Below are records with pictures in them. Transcribe everything from the line containing "Hi everyone and" down to the line containing "When we calculate", exactly, and leave the pictures behind.

== Working data ==
********************

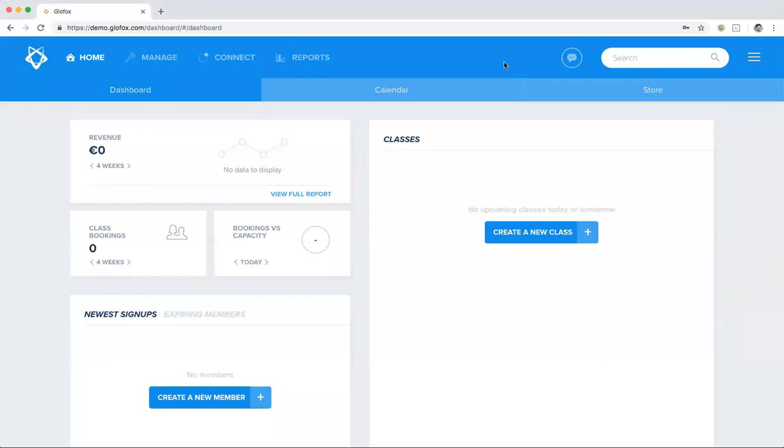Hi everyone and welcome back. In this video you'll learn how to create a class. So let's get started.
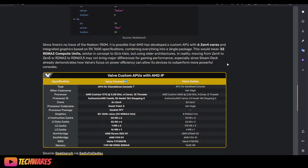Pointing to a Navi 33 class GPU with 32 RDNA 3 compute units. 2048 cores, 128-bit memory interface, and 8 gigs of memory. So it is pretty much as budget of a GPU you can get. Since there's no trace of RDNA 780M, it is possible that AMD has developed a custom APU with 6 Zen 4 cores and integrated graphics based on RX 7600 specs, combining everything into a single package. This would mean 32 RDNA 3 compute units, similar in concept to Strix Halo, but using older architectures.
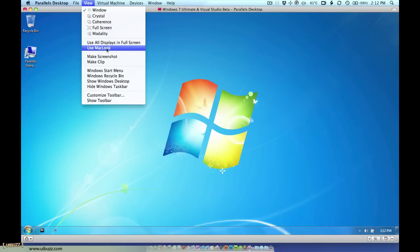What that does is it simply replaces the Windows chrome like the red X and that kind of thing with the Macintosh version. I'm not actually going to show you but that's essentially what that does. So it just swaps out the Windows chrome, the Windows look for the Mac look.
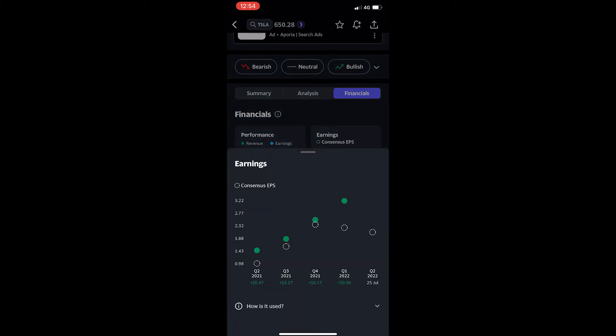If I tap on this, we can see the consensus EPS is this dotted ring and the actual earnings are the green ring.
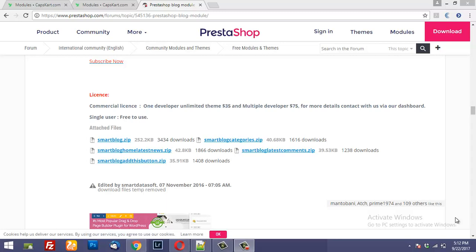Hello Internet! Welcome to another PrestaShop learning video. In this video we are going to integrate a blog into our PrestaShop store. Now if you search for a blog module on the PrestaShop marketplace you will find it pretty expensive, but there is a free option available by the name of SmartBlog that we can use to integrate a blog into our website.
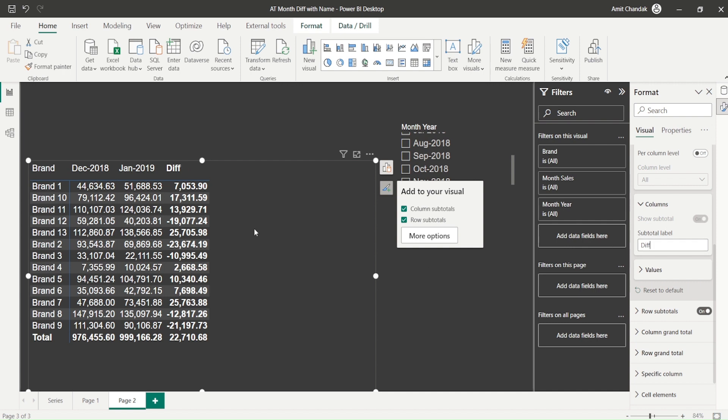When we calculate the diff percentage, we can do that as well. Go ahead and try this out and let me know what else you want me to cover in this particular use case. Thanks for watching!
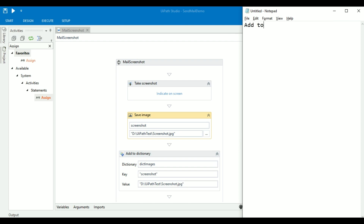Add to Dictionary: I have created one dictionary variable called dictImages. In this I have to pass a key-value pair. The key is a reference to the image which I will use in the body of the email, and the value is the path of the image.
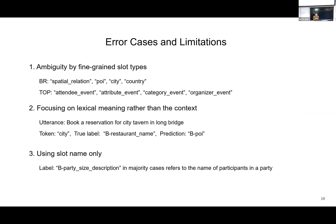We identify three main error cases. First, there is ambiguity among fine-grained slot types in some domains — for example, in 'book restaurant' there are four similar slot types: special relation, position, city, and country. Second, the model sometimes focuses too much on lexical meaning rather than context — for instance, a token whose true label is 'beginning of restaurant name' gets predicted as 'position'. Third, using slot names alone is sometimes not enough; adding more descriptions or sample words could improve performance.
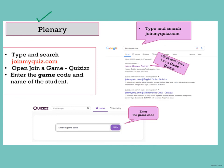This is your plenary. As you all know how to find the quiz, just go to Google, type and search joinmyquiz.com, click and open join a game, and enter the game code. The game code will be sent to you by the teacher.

********************

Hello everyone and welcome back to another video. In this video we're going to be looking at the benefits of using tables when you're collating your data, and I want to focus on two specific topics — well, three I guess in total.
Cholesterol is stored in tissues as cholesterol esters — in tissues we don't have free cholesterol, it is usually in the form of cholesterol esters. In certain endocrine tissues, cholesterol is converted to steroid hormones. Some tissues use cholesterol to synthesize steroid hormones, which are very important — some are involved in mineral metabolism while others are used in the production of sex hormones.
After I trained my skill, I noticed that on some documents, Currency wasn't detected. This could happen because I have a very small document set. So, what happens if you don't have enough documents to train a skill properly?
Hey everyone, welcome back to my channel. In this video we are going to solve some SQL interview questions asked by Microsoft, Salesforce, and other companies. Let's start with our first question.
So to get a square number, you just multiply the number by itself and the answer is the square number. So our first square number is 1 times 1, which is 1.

********************

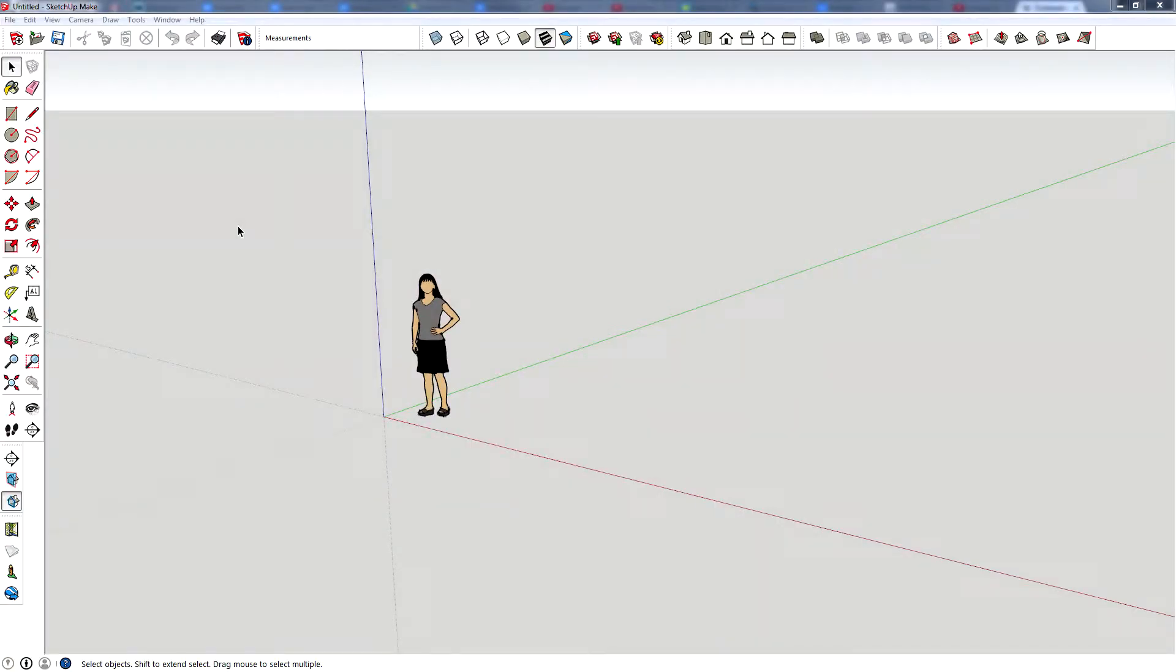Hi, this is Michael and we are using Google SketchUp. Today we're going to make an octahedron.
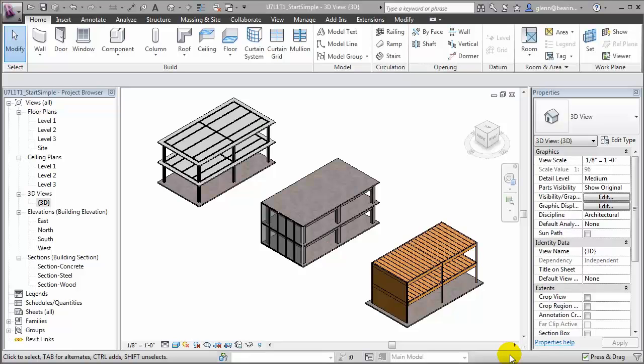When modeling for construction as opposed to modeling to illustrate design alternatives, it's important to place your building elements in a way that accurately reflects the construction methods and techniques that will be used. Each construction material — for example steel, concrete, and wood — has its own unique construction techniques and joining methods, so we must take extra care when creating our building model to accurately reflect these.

********************

== Output for this task ==
Hi everyone and welcome back. In this video you'll learn how to create a class. So let's get started.
Pointing to a Navi 33 class GPU with 32 RDNA 3 compute units. 2048 cores, 128-bit memory interface, and 8 gigs of memory. So it is pretty much as budget of a GPU you can get. Since there's no trace of RDNA 780M, it is possible that AMD has developed a custom APU with 6 Zen 4 cores and integrated graphics based on RX 7600 specs, combining everything into a single package. This would mean 32 RDNA 3 compute units, similar in concept to Strix Halo, but using older architectures.
What that does is it simply replaces the Windows chrome like the red X and that kind of thing with the Macintosh version. I'm not actually going to show you but that's essentially what that does. So it just swaps out the Windows chrome, the Windows look for the Mac look.
If I tap on this, we can see the consensus EPS is this dotted ring and the actual earnings are the green ring.
Hello Internet! Welcome to another PrestaShop learning video. In this video we are going to integrate a blog into our PrestaShop store. Now if you search for a blog module on the PrestaShop marketplace you will find it pretty expensive, but there is a free option available by the name of SmartBlog that we can use to integrate a blog into our website.
When we calculate the diff percentage, we can do that as well. Go ahead and try this out and let me know what else you want me to cover in this particular use case. Thanks for watching!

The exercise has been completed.